I have a dataframe looks like this after I groupby them.
gb = new_user_log.groupby(['msno', 'date', 'num_25', 'num_50',
'num_75', 'num_985', 'num_100',
'num_unq', 'total_secs', 'days']).days.count()
Part of the dataframe shows here:
msno date num_25 num_50 num_75 num_985 num_100 num_unq total_secs days
++orpnUqSevh2M5A97pRRiONA58g5m9DwaNrhD44HY0= 2016-08-14 78 13 3 3 77 84 18987.862 2 1
+0krxpTkQT7hciN95OEp7i2lyKvbXft887VNQGF6xN4= 2016-12-22 27 23 5 2 11 65 5946.577 35 1
98 1
+1eAmfPiXsMG0J+U/j7YTeXO+u0/ZhZqmoXfXKOY57I= 2016-12-17 8 2 2 2 126 131 32629.128 46 1
+1zyLKrstPYDOnoyooqqb0+VmmovONd9N3QZynT7rq0= 2016-07-14 18 2 1 3 46 66 10253.571 196 1
2016-09-17 11 3 1 6 81 45 12970.416 261 1
2016-11-17 5 1 3 2 8 19 2614.571 322 1
+28j7X4BShC9g2C4No4xAmzXuhLlmMbFDYWZcbblCEs= 2015-11-21 1 2 1 2 88 94 23580.548 45 1
2016-03-28 12 6 5 4 36 61 11596.887 173 1
+2GtgQNpMuIG0Vy1ycAbfla0zRni6NKtRLlyyuHHB8I= 2015-07-18 15 1 2 2 73 75 19179.451 102 1
2016-07-29 7 2 1 1 8 17 2515.486 479 1
2016-11-09 45 6 3 1 71 93 19865.317 582 1
So the first little problem I hope to solve is give each of 'msno'(userID) a number, not as a string type...

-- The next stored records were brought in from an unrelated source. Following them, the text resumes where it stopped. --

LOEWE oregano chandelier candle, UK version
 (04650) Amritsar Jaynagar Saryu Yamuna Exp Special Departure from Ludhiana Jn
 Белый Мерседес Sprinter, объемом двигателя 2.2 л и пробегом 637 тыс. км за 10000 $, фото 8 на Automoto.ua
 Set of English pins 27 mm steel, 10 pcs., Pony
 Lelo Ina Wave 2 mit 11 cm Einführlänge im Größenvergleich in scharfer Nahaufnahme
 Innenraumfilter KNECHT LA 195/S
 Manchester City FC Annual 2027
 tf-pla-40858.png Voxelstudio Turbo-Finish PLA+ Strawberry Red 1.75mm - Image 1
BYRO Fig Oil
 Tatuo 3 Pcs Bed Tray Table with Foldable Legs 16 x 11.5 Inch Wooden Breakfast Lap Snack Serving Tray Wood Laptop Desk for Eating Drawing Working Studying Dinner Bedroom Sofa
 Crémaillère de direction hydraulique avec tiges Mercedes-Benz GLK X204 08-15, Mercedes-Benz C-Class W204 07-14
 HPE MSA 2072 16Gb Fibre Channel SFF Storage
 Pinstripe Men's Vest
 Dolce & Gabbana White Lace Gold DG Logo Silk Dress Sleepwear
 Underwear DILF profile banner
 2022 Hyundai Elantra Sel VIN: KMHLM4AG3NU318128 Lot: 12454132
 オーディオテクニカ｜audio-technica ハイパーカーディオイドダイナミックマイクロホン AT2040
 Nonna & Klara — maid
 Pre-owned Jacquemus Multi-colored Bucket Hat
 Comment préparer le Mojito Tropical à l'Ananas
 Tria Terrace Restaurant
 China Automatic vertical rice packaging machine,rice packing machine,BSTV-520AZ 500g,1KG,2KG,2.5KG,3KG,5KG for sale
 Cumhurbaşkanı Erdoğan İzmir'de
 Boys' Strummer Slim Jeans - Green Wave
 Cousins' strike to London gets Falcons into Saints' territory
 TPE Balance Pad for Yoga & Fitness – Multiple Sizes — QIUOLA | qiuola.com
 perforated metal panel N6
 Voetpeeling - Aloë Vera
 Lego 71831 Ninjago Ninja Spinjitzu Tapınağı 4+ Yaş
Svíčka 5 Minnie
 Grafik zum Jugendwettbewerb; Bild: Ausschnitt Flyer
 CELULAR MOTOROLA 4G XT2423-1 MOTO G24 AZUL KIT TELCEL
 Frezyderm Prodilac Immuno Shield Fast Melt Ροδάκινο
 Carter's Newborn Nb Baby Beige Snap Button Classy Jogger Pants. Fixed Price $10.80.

All these features num_25 num_50 num_75 num_985 num_100 num_unq
total_secs
are counting events happened in each day.
The last feature days
is calculated by days = date - transaction_date
means the number of days a user own the product. And the firsttransaction_date
for each user means the first time to buy this product. It comes from the dataframe belows,
msno payment_method_id \
0 QA7uiXy8vIbUSPOkCf9RwQ3FsT8jVq2OxDr8zqa7bRQ= 39
20 GBy8qSz16X5iYWD+3CMxv/Hm6OPSrXBYtmbnlRtknW0= 33
44 T0FF6lumjKcqEO0O+tUH2ytc+Kb9EkeaLzcVUiTr1aE= 40
72 9iW/UpqRoviya9CQh64RoYLPjiws8+biwscN+g5qYm4= 37
86 LUCi7i5FeNuZz4DB0zKu8J80rgr2uCO8YHCSW9PZfAk= 38
98 qCagaTL3UbMn0zvdMDDUoonbei70q1eASKrXa1cZGCs= 38
120 nsx5IGkCueevv0vFHB4jkG0HdRl6m6ltB8U9Guo5nS0= 40
123 nsx5IGkCueevv0vFHB4jkG0HdRl6m6ltB8U9Guo5nS0= 40
transaction_date membership_expire_date
0 2016-10-31 2016-12-21
20 2016-03-31 2016-04-30
44 2015-03-28 2015-04-27
72 2015-05-04 2015-06-03
86 2016-03-13 2016-08-24
98 2015-03-20 2015-04-19
120 2016-04-07 2016-05-06
123 2017-01-01 2017-02-06
You can see that in days
there are only a few values for each user. So is it possible to fill all other days of the event with 0 to expand the dataframe to a very sparse one? The rule I have to follow is to find the maximum value in days
column (In this sample is 582
) then fill all 582 days with 0s for every user under those events columns when no events happened.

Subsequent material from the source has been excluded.